Но Лидочка, узнав об утренней находке сводного отряда, ринулась в подушку и в течение часа отдавала дань обычному человеческому предрассудку: страдать во время неприятностей и мучиться от катастроф. Я пришел в ее комнату и застал там целую компанию утешителей: Екатерину Григорьевну, Буцая и Силантия. Силантий настойчиво улыбался и говорил:

– Здесь это, ничего такого. Девки это привыкли считать, как говорится, тронули ее, видишь. Ну, так как же: для того же и сделано, а беды, здесь это, никакой нету. Видишь, какая история… А человек он, как говорится, поганый, это верно. Так и для меня ж поганый, может, еще и хуже, здесь это, я ж не реву, и больше никаких данных. Уедет пускай, и вся тебе история.

Лидочка сидела на кровати, у нее распухли глаза и нос и спустился один чулок на незашнурованный ботинок, – все признаки человека, вкусившего жизнь с горького ее конца. Я сказал:

– Силантий говорит правду. А впрочем, как хотите.
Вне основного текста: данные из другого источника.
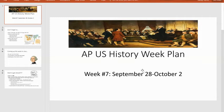Good Monday morning. Welcome to week seven of APUS History. This is the week planned for September 28th through October 2nd.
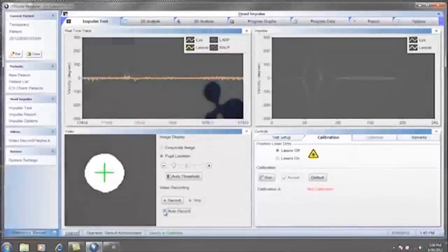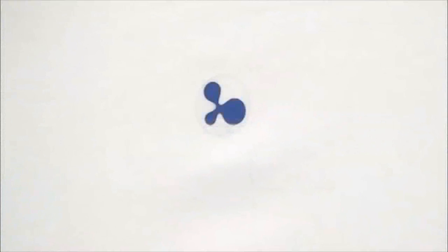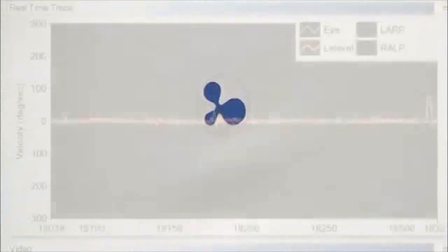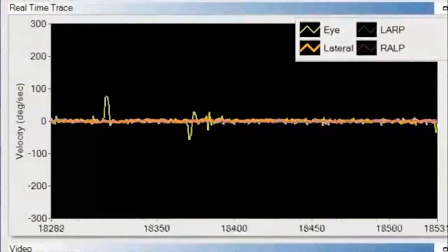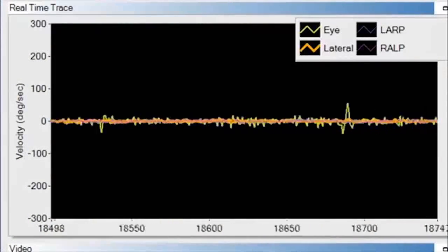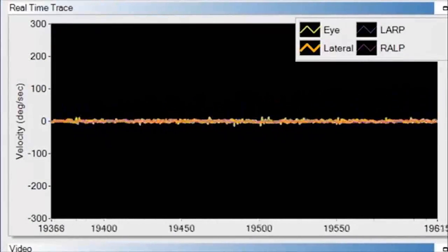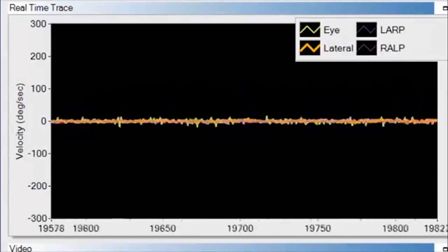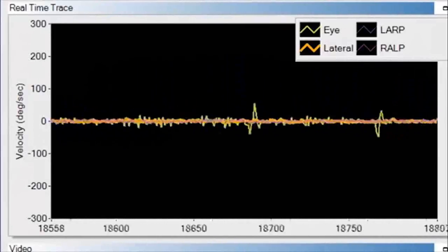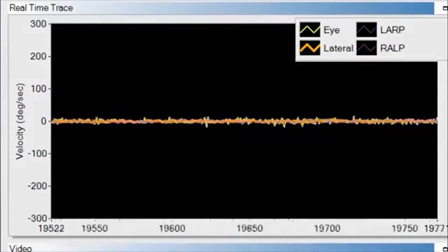Now the patient will stare at the fixation dot. Observe the green eye trace in the real-time trace window, ensuring that it is as flat as possible when the patient is fixating on the fixation dot.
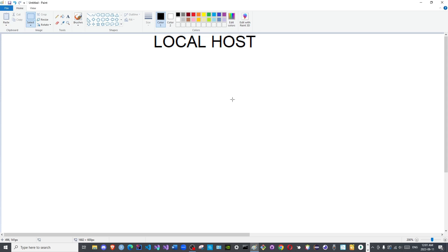Peace be upon you all and welcome to the channel. In this video we will continue discussing the setup for the database management system, particularly the local environment, which we will discuss in a moment.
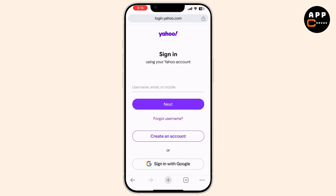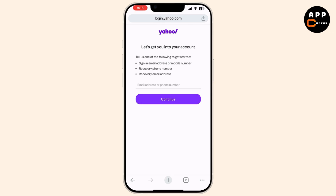If you're sure the email address is correct but still can't log in, try resetting your password. Click on the 'Forgot Password or Username' link on the Yahoo page. You'll be prompted to enter your email address or mobile phone number associated with your Yahoo account. Enter the information and click Continue. Yahoo will then guide you through steps to reset your password — follow the instructions sent to your email or phone.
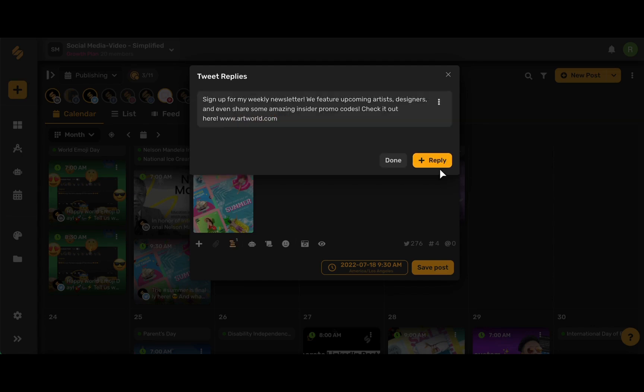Go ahead and click Save, and there you go! Now you can see all of your tweet replies in one place, and if you want to add more replies, simply repeat the steps that we just went through, and your replies will show up here.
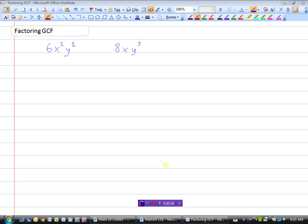We've looked at factoring the greatest common factor of numbers, but what if we start adding some variables to our expression? So I have 6x squared y squared and 8xy cubed, and I want to know what the greatest common factor of these two terms is.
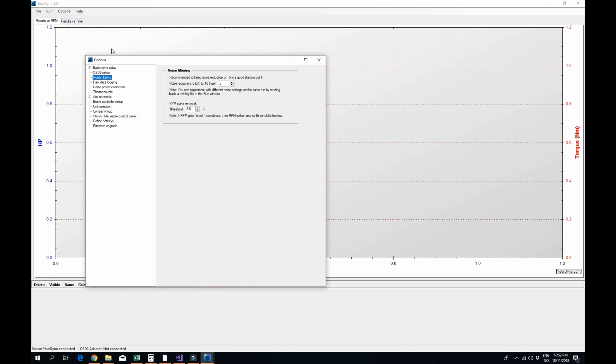So if you go to options, noise filtering, you now have just one setting which is a number from 0 which is no noise reduction, to 10 which is max noise reduction and that's also a simpler input than before.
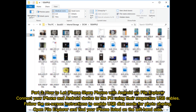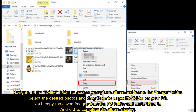How to let iPhone share photos with Android via File Explorer. Connect your iPhone and Android device to the PC using their respective USB cables. Follow the on-screen instructions to enable USB disk mode for photo sharing. Open File Explorer and find your iPhone listed on the left-hand side. Navigate to the DCIM folder to access your photo album and locate the image folder. Select the desired photos and drag them to a specific folder on your PC, then copy the saved images from the PC folder and paste them to Android to complete the album sharing.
Я приказал выпроводить Чарского из колонии, но если он вам нужен, можно оставить.

Лидочка заплакала громко и снова повалилась на подушку, но вдруг поднялась и сказала:

– Выгоните его, сейчас же выгоните, гадость какая!

Дежурный командир Ступицын доложил мне, что приказание исполнено:

– Он не хотел, так хлопцы вынесли его вещи, ну, так он тогда добровольно сел в бричку… А только теперь вернулся: у него денег нету на билет.

– Где он?

– Возле кабинета.

Чарский встретил меня в кабинете официальной угрожающей вежливостью:

– Я решил не вступать в драку с вашими воспитанниками, но имею к вам просьбу: у меня нет денег на дорогу.
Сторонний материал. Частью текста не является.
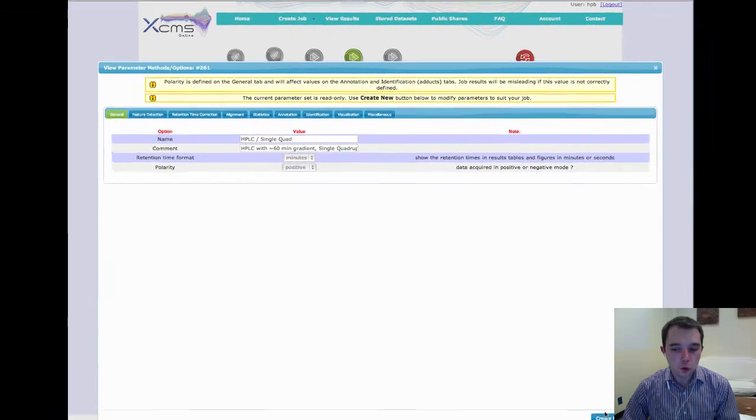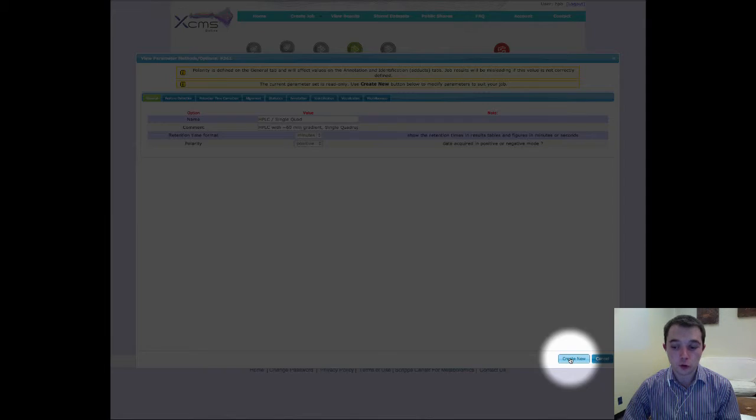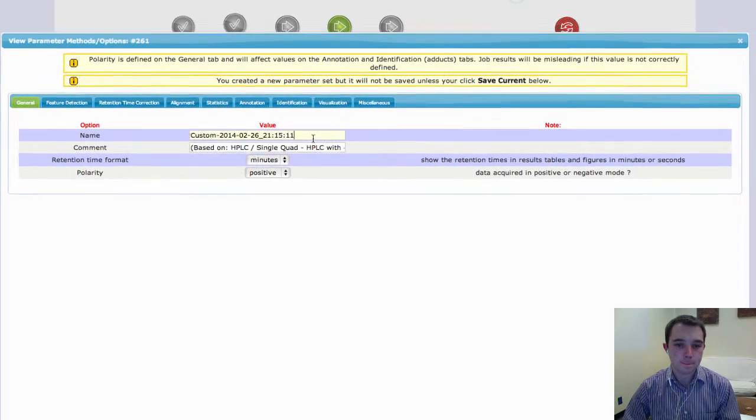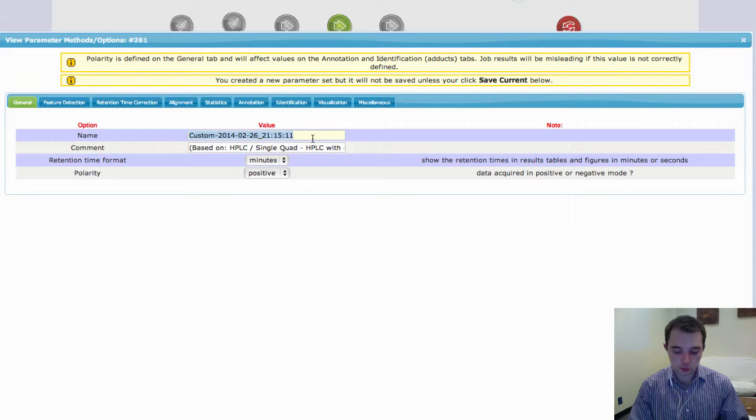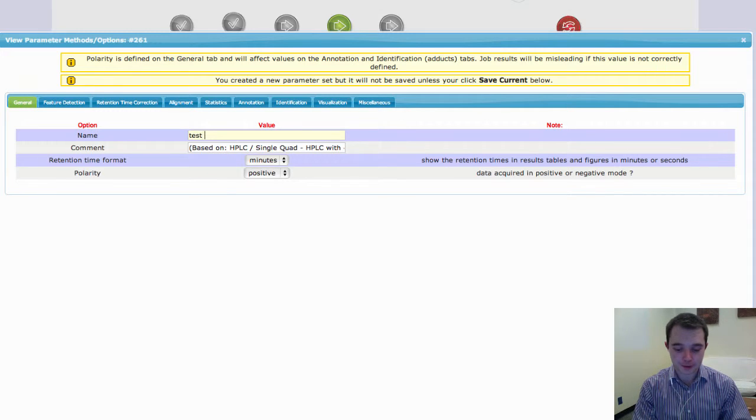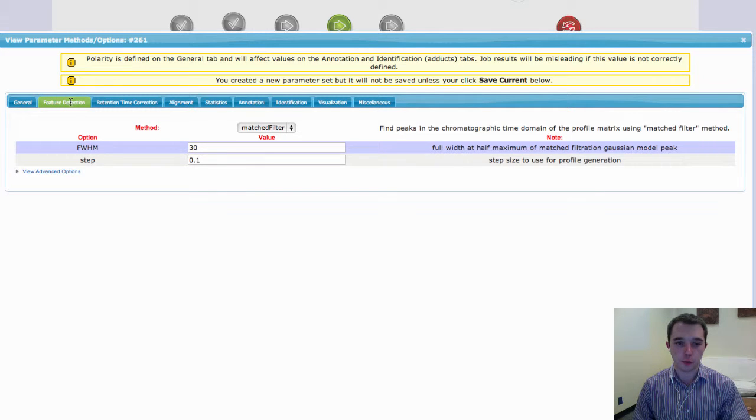If you want to create new parameter settings, you can click on New, rename it to what you want, probably something a little bit better than Test, and then go through all of your different parameter settings.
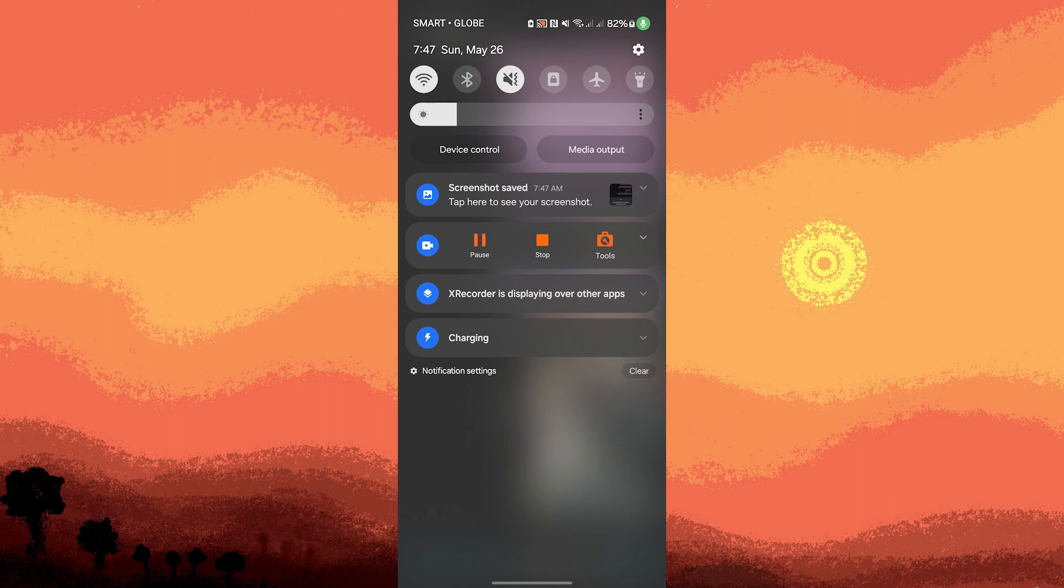By following these steps, you can record a video call on Messenger with audio using Xrecorder on Android devices. Make sure to comply with privacy laws and obtain consent from the other party before recording any video call.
– Вы же полностью получили жалованье.

– Может быть, вы не будете касаться деталей моего бюджета?

– Давайте не касаться: прекратим разговор о деньгах.

– Но я вам заявляю, что у меня нет денег на дорогу.
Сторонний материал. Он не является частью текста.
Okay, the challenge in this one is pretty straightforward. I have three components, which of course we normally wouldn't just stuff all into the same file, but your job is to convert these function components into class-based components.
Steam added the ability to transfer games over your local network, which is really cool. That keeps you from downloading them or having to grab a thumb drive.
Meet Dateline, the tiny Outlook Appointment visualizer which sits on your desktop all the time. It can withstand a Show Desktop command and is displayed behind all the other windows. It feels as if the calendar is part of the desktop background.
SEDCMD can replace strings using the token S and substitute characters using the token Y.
– Значит, этой детали касаться можно?

– Я вас прошу не мутить со мной.

– Я и не мучу: идите пешком.

– Вы меня не предупреждали об отъезде, значит, вы обязаны выдать мне на дорогу.

– Сколько стоит билет до Харькова?

– Я еду не в Харьков, а в Москву.

– Сколько стоит билет до Харькова?

– Шесть рублей тридцать семь копеек и плацкарта.

Я отсчитал шесть рублей тридцать семь копеек.

– А плацкарта? А есть мне что-нибудь нужно?

Чарский потерял уже свою официальность и говорил слезливо-обиженным тоном проходимца:

– Вы не имеете права обращаться так с командированными к вам работниками.

Вероятно, мой вид и вид окружающих нас колонистов был убедительнее многих слов, потому что Чарский замолчал, написал расписку, вздохнул уже совершенно неофициально и, жалкий и подавленный, взгромоздился на шарабан. Только когда шарабан тронулся, Чарский крикнул:

– Гражданин заведующий, мы скоро посчитаемся.

[14] Не пищать!

Лидочка несколько дней не выходила из комнаты, но в середине апреля приехали на весенний перерыв рабфаковцы, и наши неприятности немного притупились. Встречать гостей вышла Лидочка, до конца оплакавшая свою молодость, в которой оказался такой большой процент брака. У нее над бровями легла маленькая злая складочка, но она доверчиво-родственно улыбнулась мне и сказала:

– Простите все мои слова, Антон Семенович. Теперь я уже совсем ваша, – колонийская. Что хотите, то со мной и делайте.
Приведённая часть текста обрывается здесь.